## Action item
Transcribe word for word the section of the records below that opens with the line containing "4T1BK1EB1EU111509 Toyota Avalon Base" and closes with the line containing "Stork Delivering Baby"; drop every picture.

## Material for the task
__________

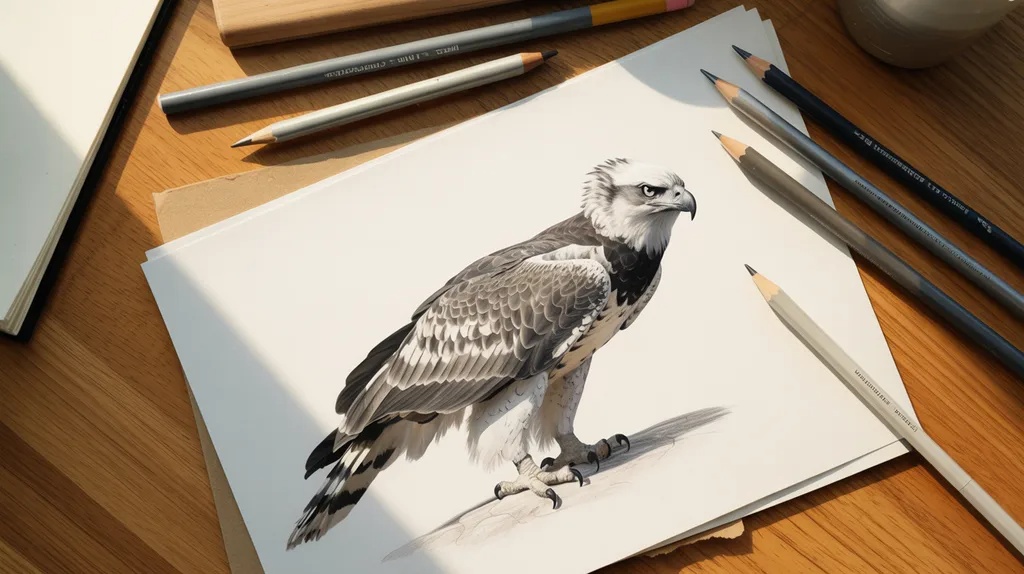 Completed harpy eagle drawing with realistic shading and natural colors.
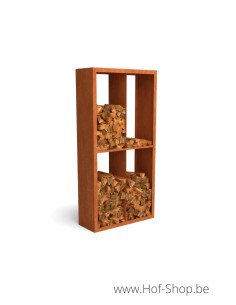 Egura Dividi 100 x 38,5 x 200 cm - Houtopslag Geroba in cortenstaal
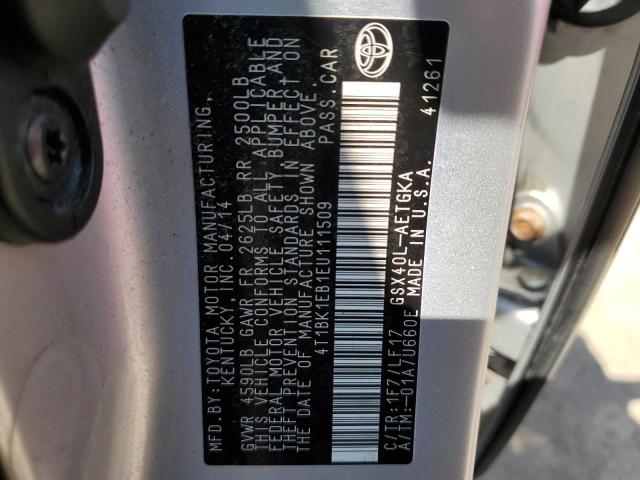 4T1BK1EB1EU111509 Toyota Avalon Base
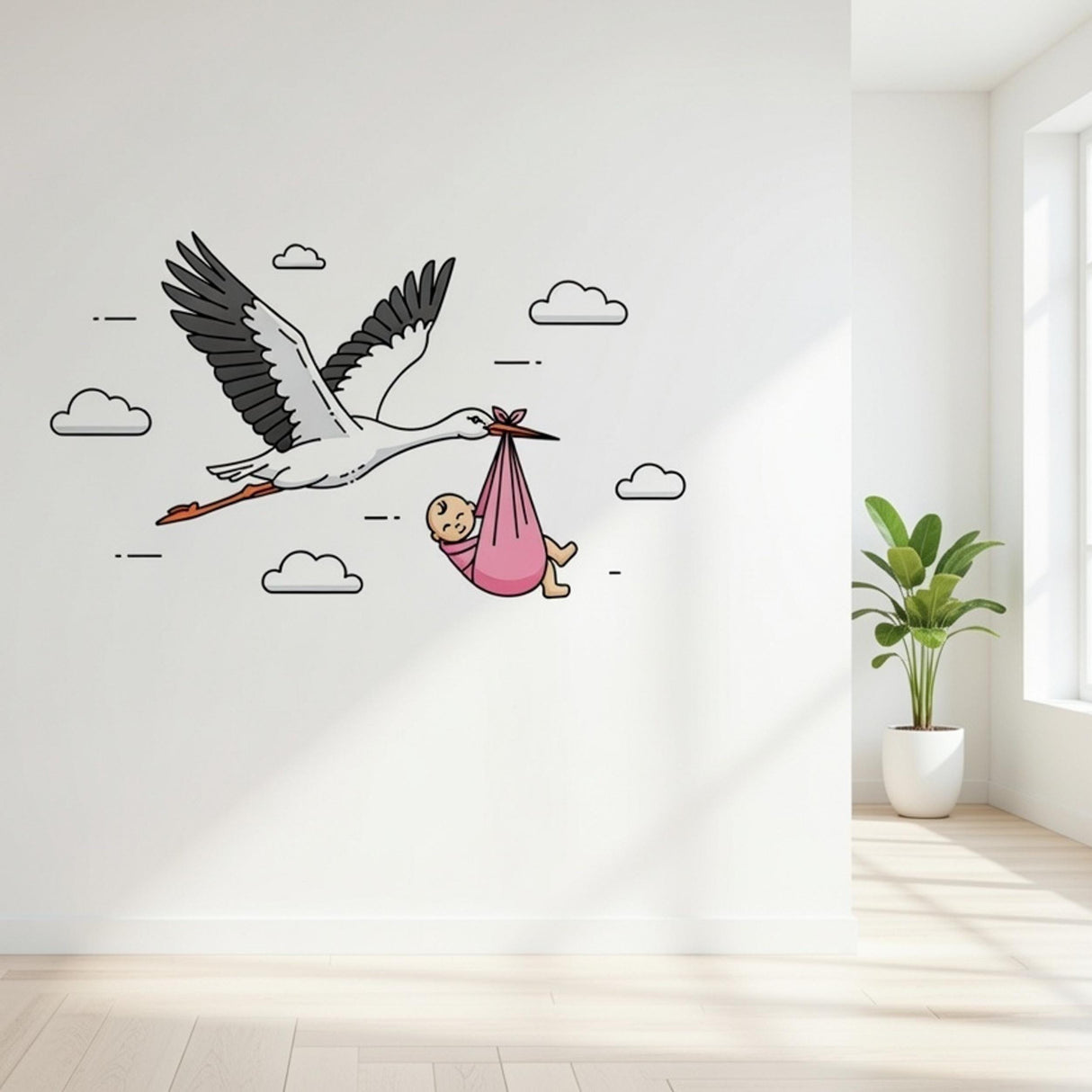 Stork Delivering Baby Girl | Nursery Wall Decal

__________

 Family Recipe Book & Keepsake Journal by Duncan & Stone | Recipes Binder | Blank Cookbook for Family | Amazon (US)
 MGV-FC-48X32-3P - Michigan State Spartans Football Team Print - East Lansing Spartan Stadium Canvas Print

__________

## Exercise answer
 4T1BK1EB1EU111509 Toyota Avalon Base
 Stork Delivering Baby Girl | Nursery Wall Decal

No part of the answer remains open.